What Would Jessica Fletcher Tweet?

Jessica Fletcher, the preternaturally smart heroine of Angela Lansbury’s Murder, She Wrote sets a positive example for how writers have to promote themselves in our Twitter-centric world.

In recent times, Jessica Fletcher has been a trending topic. To be precise, it’s Mrs. Fletcher’s alter-ego, Angela Lansbury, who’s been turning up in my newsfeed all year. It was Lansbury who became a British Dame, Lansbury who reprised her stage role in Blithe Spirit, and Lansbury who received an Academy Award for her seven-decade film career. But when Kevin Spacey announced the honorary Oscars in the spring of 2013, I felt he was recognizing Lansbury as a writer because her most famous role, of course, is that of mystery writer and amateur detective Jessica “J.B.” Fletcher in the popular television show, Murder, She Wrote.

It’s an appealing image: glammed-up young stars like Jennifer Lawrence and Jonah Hill standing to applaud a modest mystery writer from Maine. The image is especially enticing if you are, as I am, a writer questioning her cultural relevance. As I grapple with prose and wrestle words onto the page until I am physically exhausted, an unnerving thought lurks on the sidelines like a mobster who has fixed the fight. “You’re too late, kid,” the mobster sneers. “The crowd’s gone home.”

To become a published author in our millennium, it’s not enough to craft a story worth reading. Finding an audience for that story seems to require an up-to-the-minute awareness, a mainline to the zeitgeist, and an audible voice in a conversation that is not taking place in my suburban neighborhood. The conversation may be happening on college campuses, at hip workplaces, or at a bar somewhere in Brooklyn. Most of all, it is happening on Twitter.

Consider the sparrow: It twitters and tweets without urgency. It does not retweet or use hashtags to acquire followers – yet it thrives.

Now consider the author.

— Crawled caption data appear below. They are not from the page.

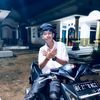 abxyy19
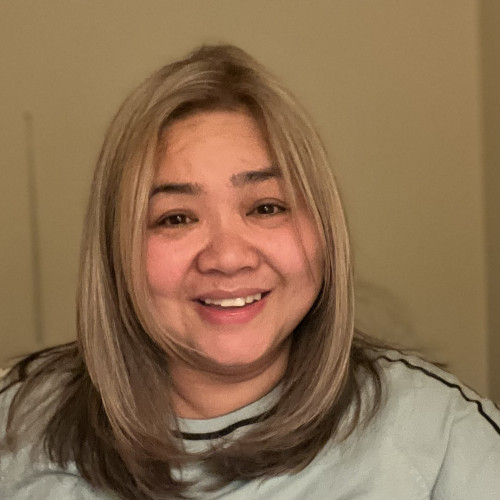 Jennifer B.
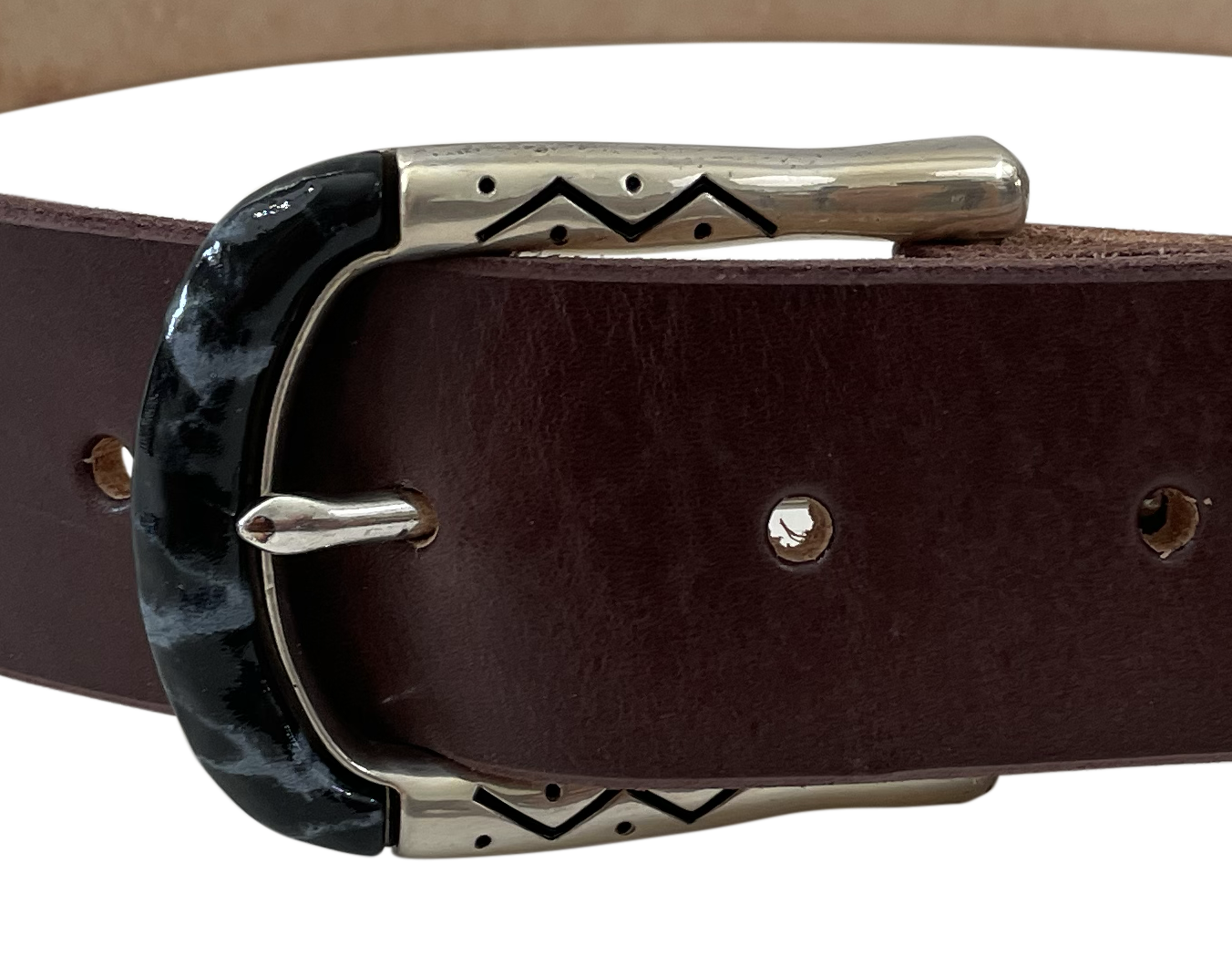 Belt-BlkBckl_3.png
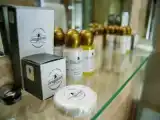 Двухместный номер Deluxe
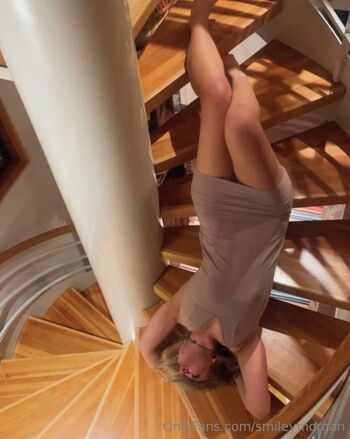 smileyrulestheworldfree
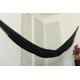 thumbnail image 4 of Hamaca Artesanal Matrimonial Para Exterior Jardín Hamacas Vinalay Hilo Nylon Grueso, 4 of 4
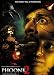 Phoonk 2 (New Horror Hindi Film / Bollywood Movie / Indian Cinema)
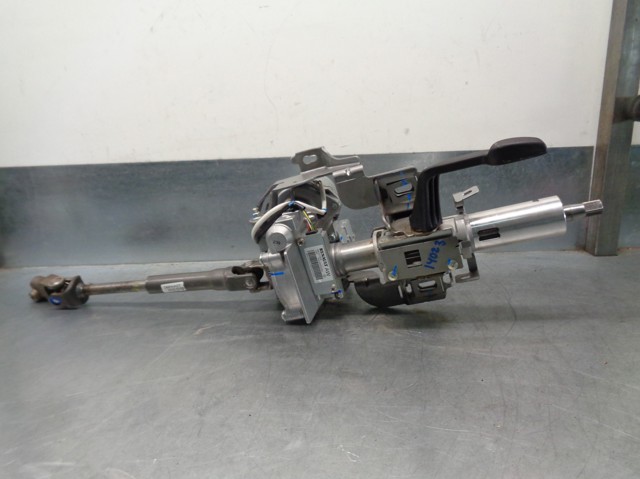 Купить 488107197R Renault (RVI)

She is a caged bird compelled to sing, an endangered species, tweeting to save her life.

Or so you might conclude from the plethora of advice for would-be warbling writers. Twitter may be old news, but it’s still a hot topic among writers perplexed by the medium. Writing conferences offer workshops with titles like “I’m on Twitter, Now What?” and “How Twitter Works (and Doesn’t Work) for Writers”. Recent months have seen a crop of how-to-tweet books for writers, like Beth Barany’s Twitter for Authors, Sonja Hegman’s Moving at the Speed of Twitter, and Lynn Serafinn’s Tweet-E-Licious: 158 Twitter Tips & Strategies for Writers, Social Entrepreneurs & Changemakers Who Want to Market Their Business Ethically (the title of which is nearly too long to tweet). Articles about twittering authors have appeared in The New York Times, The New Yorker, Poets & Writers, The Writer, Writer’s Digest, and numerous other publications.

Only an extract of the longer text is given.